Together, GSOs constitute a tractable and translationally relevant model that faithfully reflects the cellular complexity, genetic landscape, and tumor-specific heterogeneity. This model addresses a critical gap in GS biology and supports its integration into precision oncology.
胶质肉瘤(GS)是胶质母细胞瘤(GBM)的一种罕见变体,其特征为具有双相性胶质和肉瘤样组织学表现且预后较差。尽管GS具有独特的临床特征,但由于缺乏生物学上可靠且实验上易于操作的模型,其在胶质瘤研究中的代表性仍然不足。
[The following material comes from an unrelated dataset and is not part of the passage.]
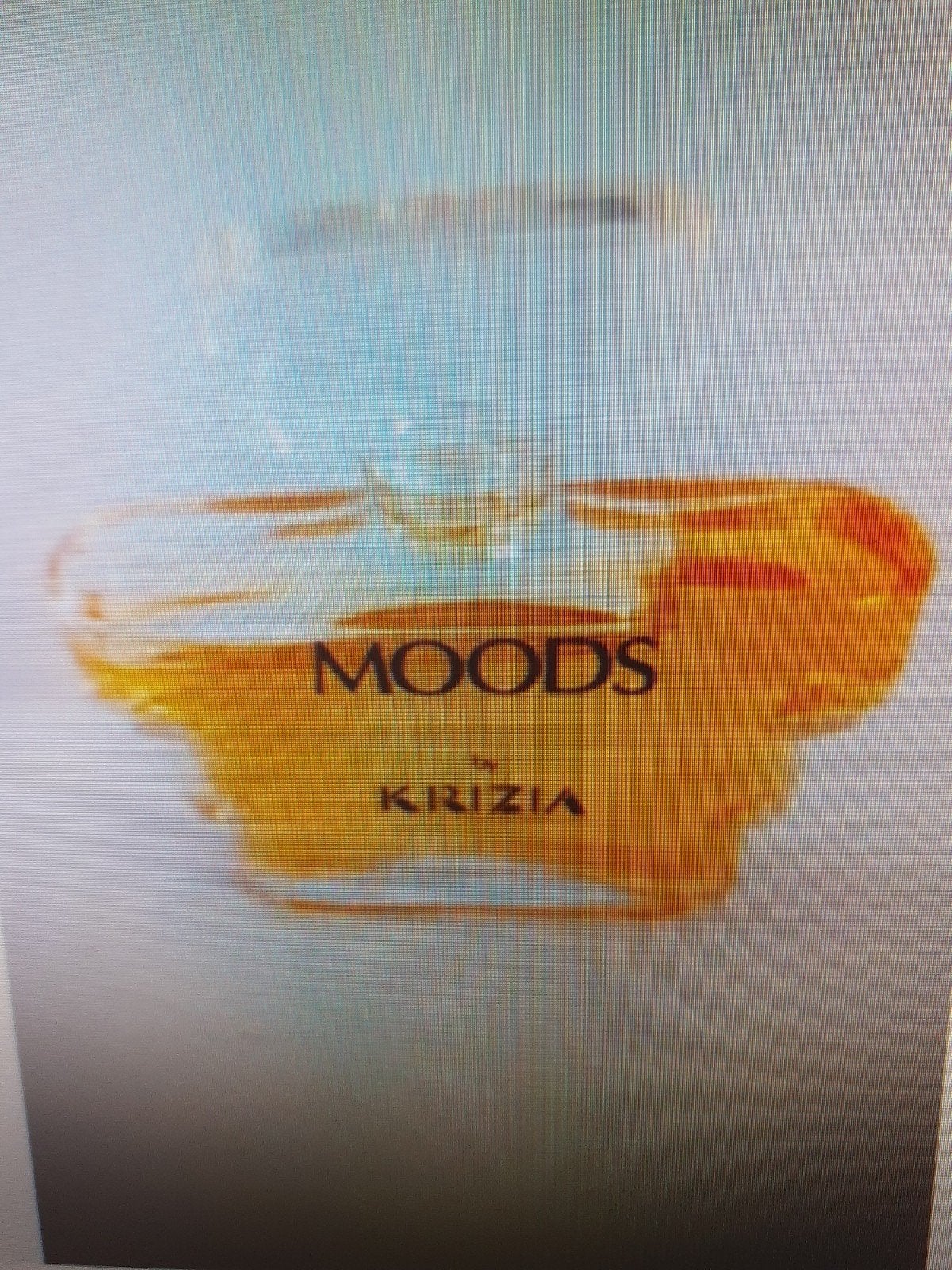 Moods by Krizia parfumminiatuur, Ophalen of Verzenden, Zo goed als nieuw, Miniatuur, Gevuld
我们使用无酶解离的悬浮培养系统,从新鲜切除的肿瘤中建立了患者来源的胶质肉瘤类器官(GSO)。使用苏木精和伊红染色、免疫组织化学、全外显子测序、三维侵袭试验和单细胞RNA测序(scRNA-seq)对组织学、分子和功能特性进行了评估。使用替莫唑胺和ANA-12(NTRK2抑制剂)进行药物反应试验。
GSO保留了原始肿瘤的关键组织学特征、基因改变和肿瘤微环境细胞群体。它们在延长的培养期内稳定生长且具有活力,在冷冻保存和复苏后保持完整性,这支持了它们的长期实用性。三维侵袭试验进一步揭示了浸润行为,这与GS的侵袭性本质一致。组织学和分子分析表明,GSO保留了胶质和间充质分化、多种非恶性基质细胞以及特定病例的体细胞改变。比较性scRNA-seq揭示了不同的转录程序:GSO富含成纤维细胞样和少突胶质细胞祖细胞样状态,而胶质母细胞瘤类器官(GBO)表现出星形胶质细胞样分化和高连接性特征。功能试验证实了GSO对替莫唑胺的一致敏感性,并且在携带NTRK2改变的GSO中观察到对NTRK2抑制的选择性治疗反应,这支持了其在基因组背景指导治疗中的实用性。
总之,GSO构成了一个易于操作且与转化相关的模型,忠实地反映了细胞复杂性、基因图谱和肿瘤特异性异质性。该模型填补了GS生物学中的一个关键空白,并支持将其整合到精准肿瘤学中。